Постепенно на улицах появляется население, проведшее три месяца в подвалах. Вальтер Лассман — пастор Иозефкирхе, которую эсэсовцы взорвали, чтобы расчистить территорию для аэродрома, — хочет узнать в нашей комендатуре, где он теперь сможет вести богослужение. Но его возможные прихожане решают более актуальную проблему: они принимаются за очистку и уборку города.
Победа Советского Союза, восстанавливая историческую справедливость, вскоре откроет древнему Вроцлаву путь к воссоединению в лоне родного польского государства.
На этом можно было бы поставить точку, если не упомянуть об одном, если хотите, чрезвычайно «трудном» утре.
Еще в 1944 году мне разрешили пользоваться радиоприемником: он был нужен для ориентации и проверки прохождения в эфире материалов. Корреспонденты газет могли прочесть посланное ими с фронта; переданное в эфир живет несколько минут. Не имея приемника, приходилось месяцами бывать в неведении о результатах своей работы. Приемник был со мной и в Прибалтике, и в Германии. Тем, кто разрешил мне это отступление от тогдашних строгих правил, я дал слово, что не подведу их. Геббельсовскую брехню я ни разу не слушал, но за «Последними известиями» на французском языке, передаваемыми из Лондона, я следил, если улучал свободное и удобное время. Некоторые из моих товарищей не без насмешки относились к моей пунктуальности в держании языка за зубами; они не видели греха в том, если корреспонденты в своем кругу послушают и то, что тогда слушать не полагалось. Но я терпеливо переносил уколы, оставаясь при убеждении, что у войны законы строгие и непреложные.
Берлин был взят. Завершение войны представлялось вопросом нескольких дней.
И вот настало это очень «трудное» утро. Я перехватил первое в мировом эфире сообщение из Фленсбурга о капитуляции Деница. Сказать об этом нельзя было никому: сообщение могло не подтвердиться; малейшее размагничивание способно было принести вред. И действительно, на нашем фронте группа фельдмаршала Шернера, уклоняясь от капитуляции, прорывалась с боями на запад.
Но как трудно было хранить в себе самом радостное сообщение! И кому — корреспонденту, призванному не только первому схватывать новость, но и делиться ею с теми, от контакта с которыми во многом зависит его осведомленность.
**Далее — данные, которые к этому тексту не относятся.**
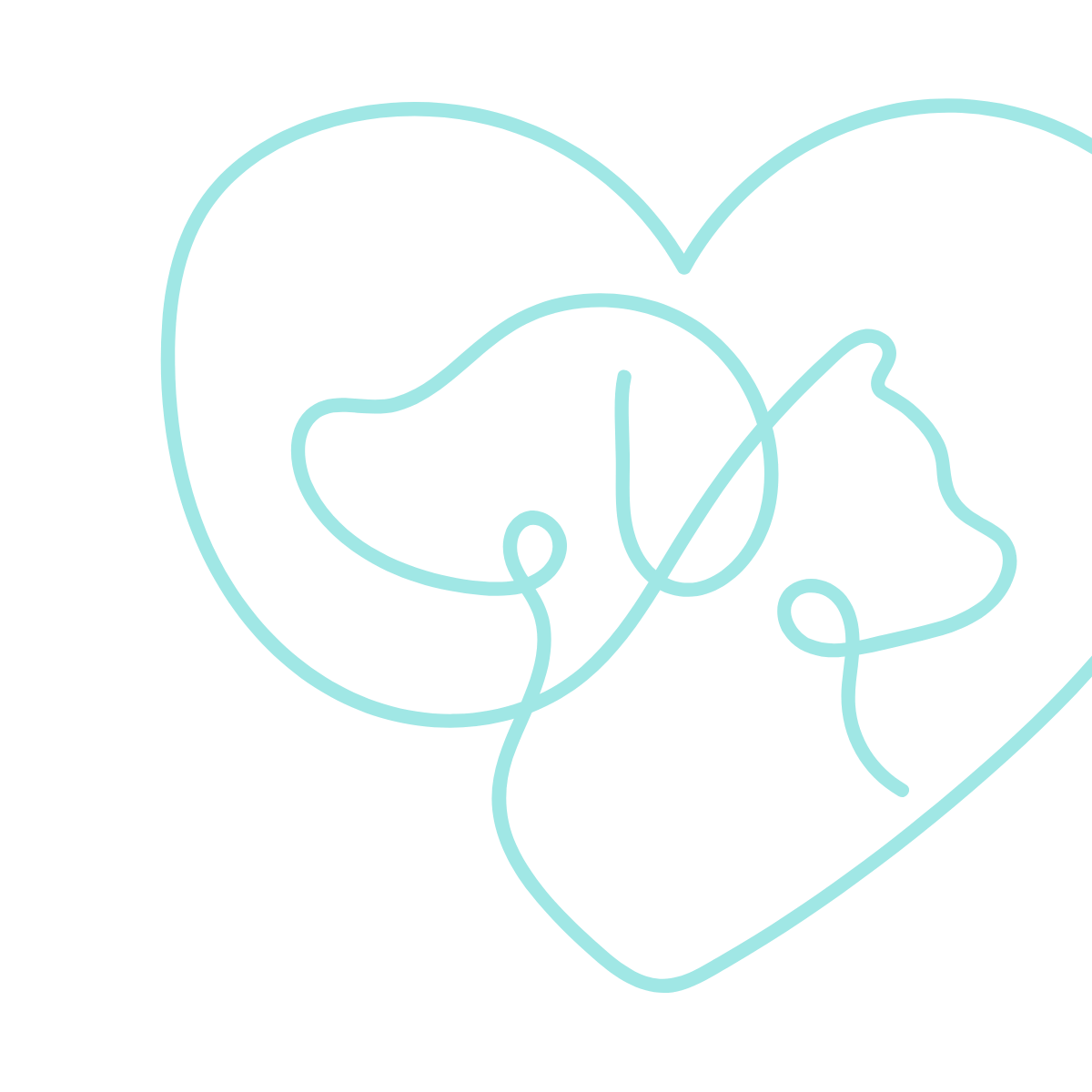 turquoise line art of a dog and cat inside of a heart - cropped on right side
А тут пришлось быть хранителем тайны, пока она перестала ею быть, до того, когда о событии, которого наш народ ждал 1418 дней, торжественно возвестил ликующий голос Москвы.
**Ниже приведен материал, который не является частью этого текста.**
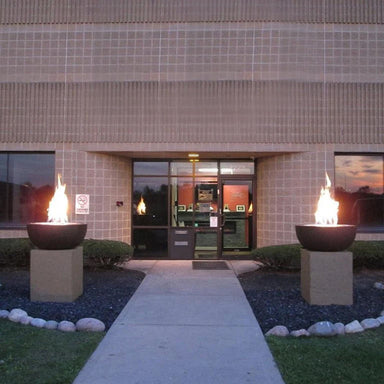 Spun Fire Bowl in Powder Coated Aluminum in Walnut Finish by HPC - Majestic Fountains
Павел ТРОЯНОВСКИЙ. СОЛДАТСКИМИ ДОРОГАМИ
Телеграмма из редакции:
«Вам выезжает Константин Симонов тчк Помогите ему выполнить важное задание редакции тчк Очень надеюсь на вас тчк Вадимов».
Бывало вот такое с главным редактором газеты «Красная звезда» Давидом Иосифовичем Ортенбергом (Вадимовым) во время войны. Он иногда перебарщивал в желании сделать хорошее еще лучше. Как будто бы без директивы из Москвы мы, фронтовые корреспонденты в Туле, не встретили бы как следует Симонова, не помогли ему.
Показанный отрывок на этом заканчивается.